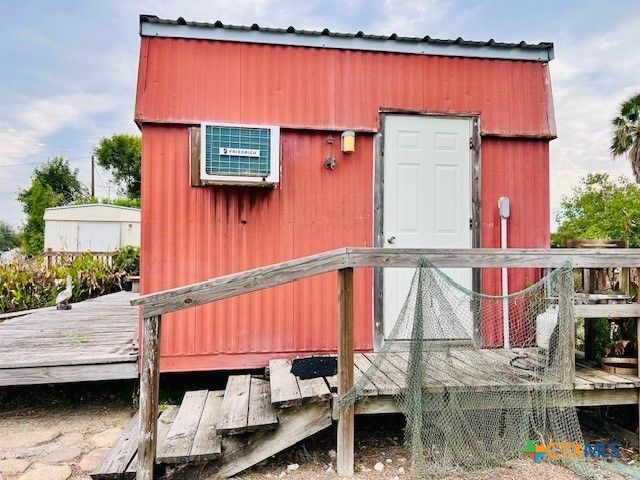 848 Margie Tewmey Road, Port Lavaca, TX 77979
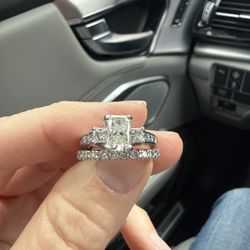 Koop Diamond Cutters - Diamond was reset into original setting and looks amazing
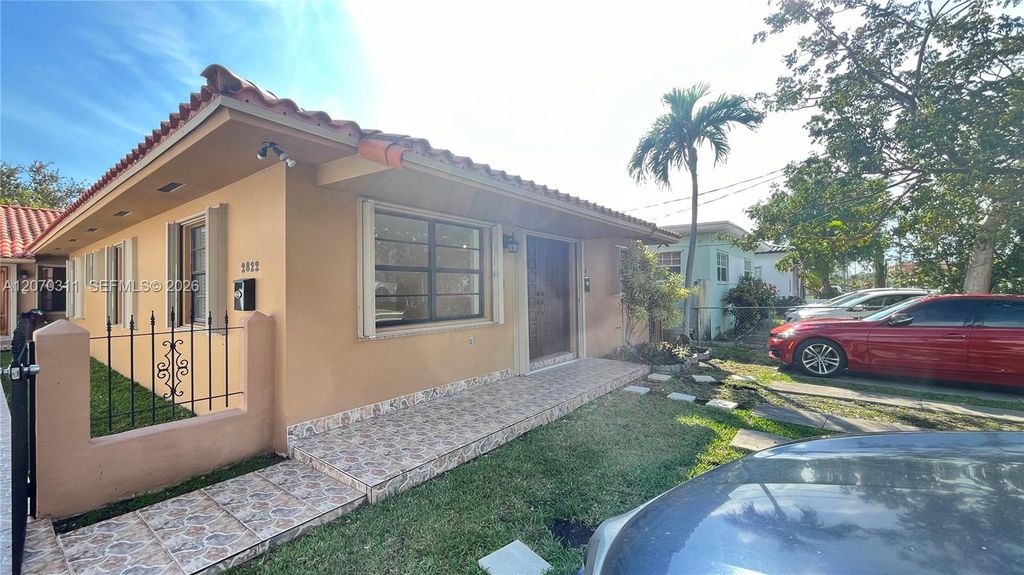 2820 SW 25th Street 2820, Miami, FL 33133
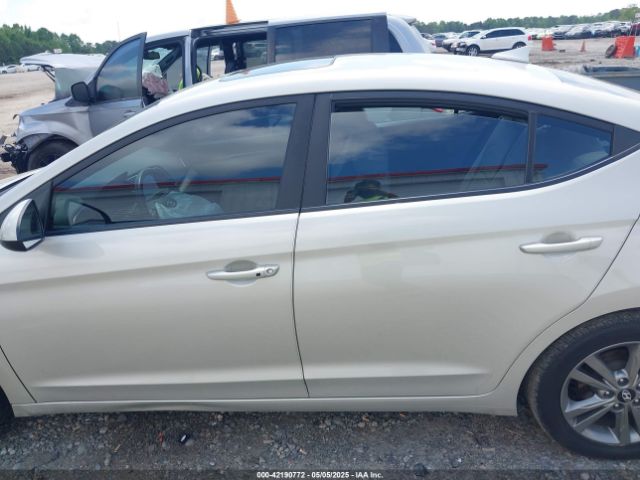 5NPD84LF1JH261014 Hyundai Elantra Value Edition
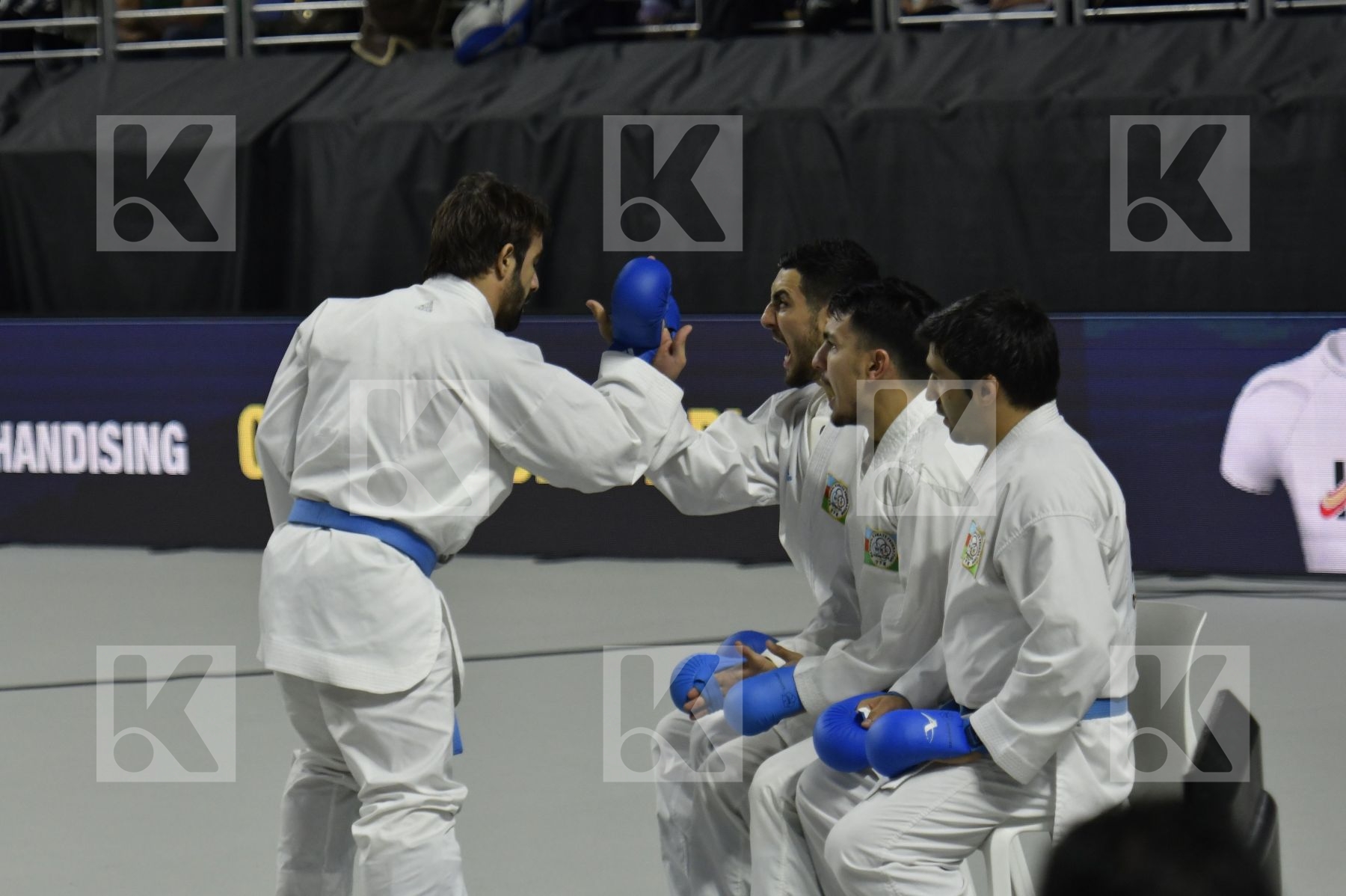 JAPAN (ANDO, ARAGA, KAGAWA, MORI, NISHIMURA, SAKIYAMA, SHIMADA) vs AZERBAIJAN (ABDULLAYEV, AGHALARZADE, AGHAYEV, ATAMOV, GURBANLI, HASANOV, HASANOV) in Senior Team Male Kumite - Bronze bout
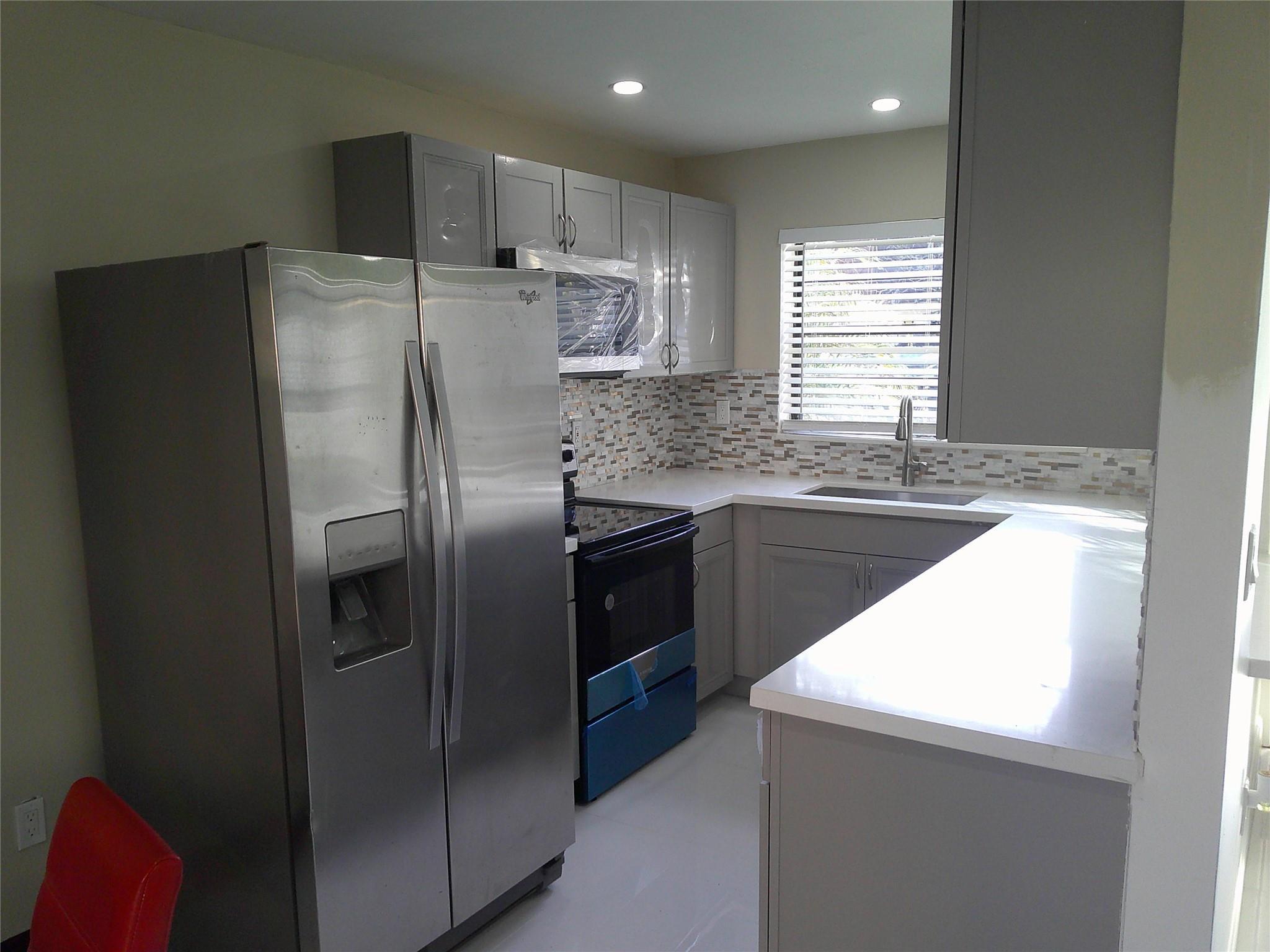 3810 SW 52nd Avenue, Hollywood, FL 33023, Hollywood - Photo 5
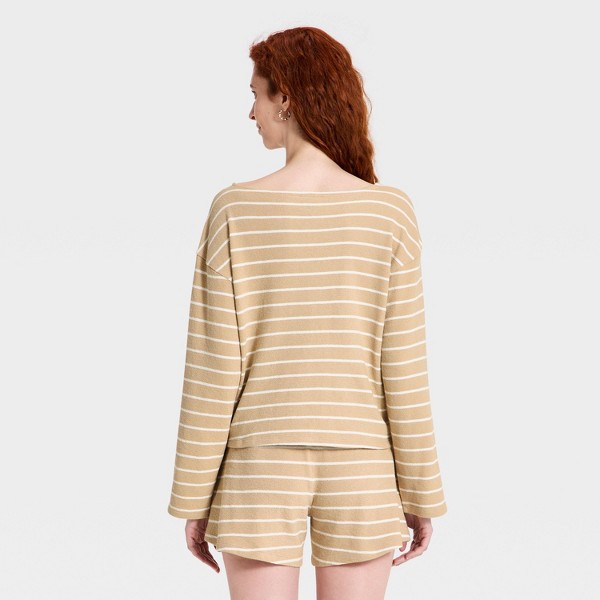 Playera de cuello barco y manga larga para mujer - Universal Thread™ 2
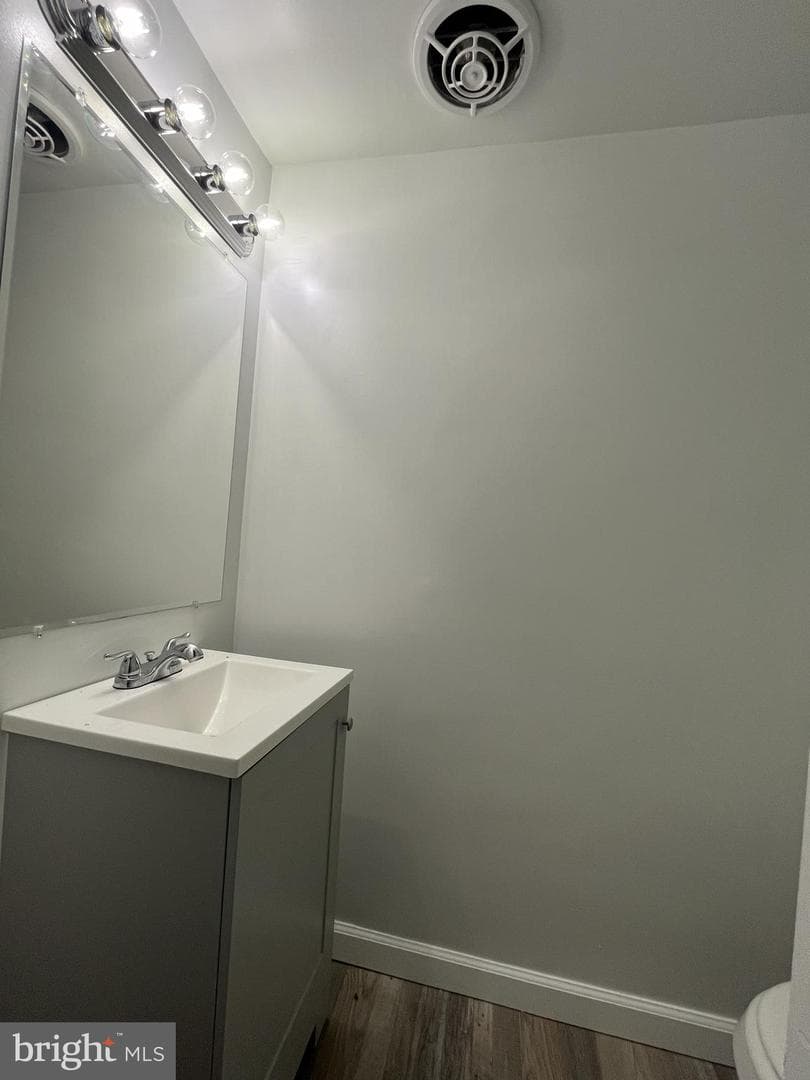 6907 Kent Town Drive photo 30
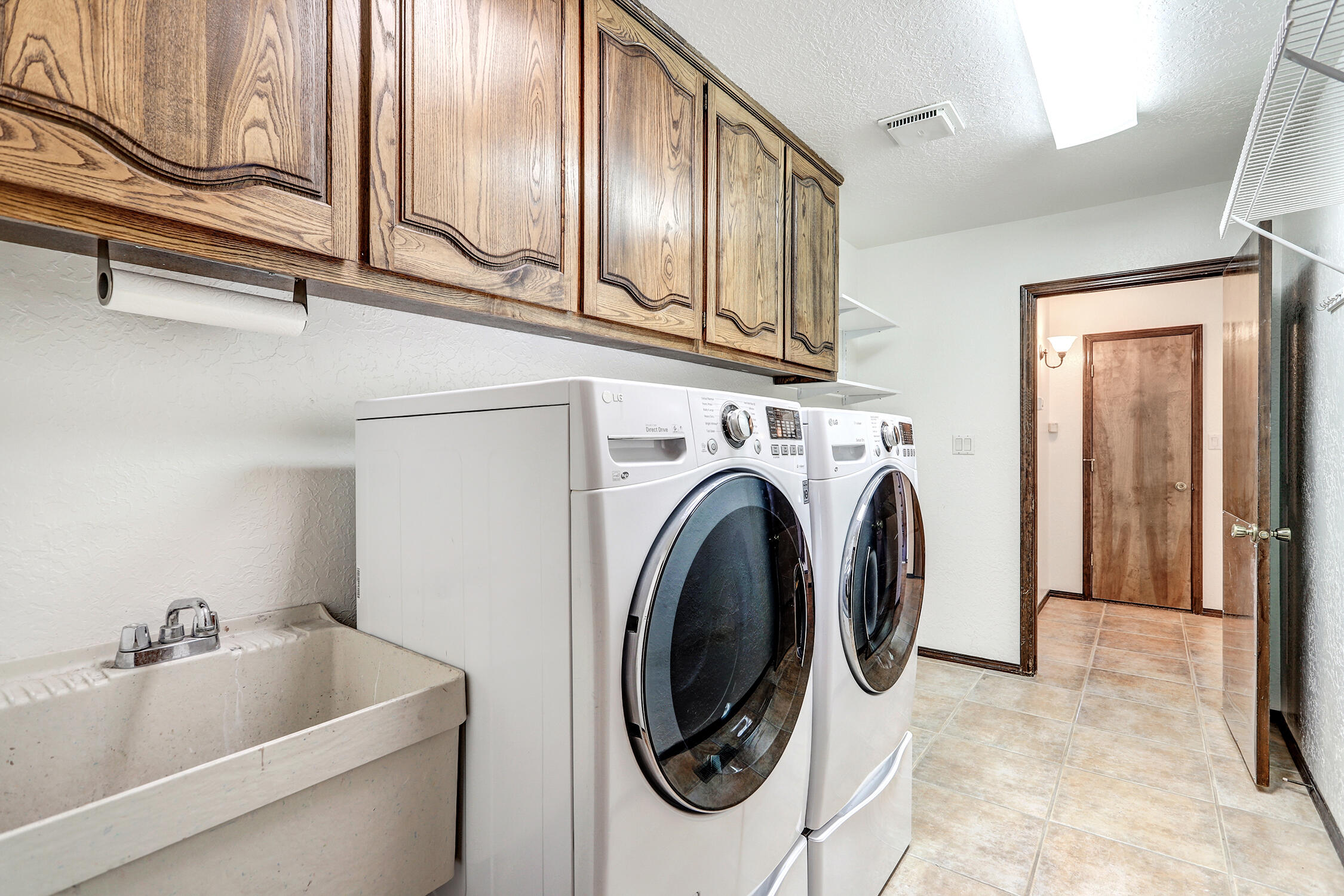 1124 Castellano Court SE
++++
▶ **Exercise brief**: Nothing but the lines from the one containing "2820 SW 25th Street 2820, Miami, FL 33133" through the final line of the entries above should be given again, each exactly as written; omit the pictures.

▶ **Response box**:
 2820 SW 25th Street 2820, Miami, FL 33133
 5NPD84LF1JH261014 Hyundai Elantra Value Edition
 JAPAN (ANDO, ARAGA, KAGAWA, MORI, NISHIMURA, SAKIYAMA, SHIMADA) vs AZERBAIJAN (ABDULLAYEV, AGHALARZADE, AGHAYEV, ATAMOV, GURBANLI, HASANOV, HASANOV) in Senior Team Male Kumite - Bronze bout
 3810 SW 52nd Avenue, Hollywood, FL 33023, Hollywood - Photo 5
 Playera de cuello barco y manga larga para mujer - Universal Thread™ 2
 6907 Kent Town Drive photo 30
 1124 Castellano Court SE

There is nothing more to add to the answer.